Berdasarkan laporan Bank Dunia, masyarakat miskin dan rentan yang menerima subsidi kerosin (minyak tanah) dan LPG hanya 21 persen. Sementara itu, subsidi solar yang tepat sasaran hanya dinikmati sekitar 3 persen dan subsidi listrik 15 persen.
Selain sektor energi, Ralph juga mengungkapkan subsidi pupuk yang dilakukan pemerintah justru tidak berdampak pada kesejahteraan petani. Pasalnya, 30 persen dari total subsidi pupuk justru bocor ke pihak yang bukan target penerima subsidi, misalnya perkebunan kelapa sawit.
Baca Juga
"Dari subsidi yang disediakan pemerintah, 40 persen dinikmati oleh petani yang sejahtera," imbuhnya.
Dibandingkan memberi pupuk secara langsung, Ralph justru menyarankan pemerintah mengubah bentuk subsidi kepada petani. Salah satu solusinya, yaitu dengan memberikan akses bagi petani untuk mempelajari teknologi pertanian untuk meningkatkan kualitas dan kuantitas produksi.

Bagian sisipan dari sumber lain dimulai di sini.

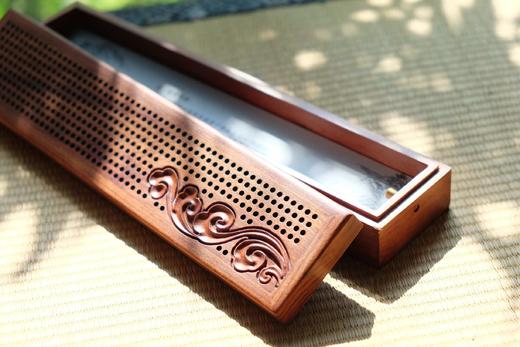 【中国沉香文化博物馆】祥云礼盒 单个装 商品图0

Hal tersebut dapat memberikan dampak langsung bagi petani yang ingin mengembangkan usahanya dan lebih tepat sasaran ketimbang memberikan subsidi pupuk.
"Reformasi dalam pemberian subsidi dapat menurunkan tingkat kemiskinan, meningkatkan produktivitas, dan mengurangi dampak negatif terhadap lingkungan," jelasnya.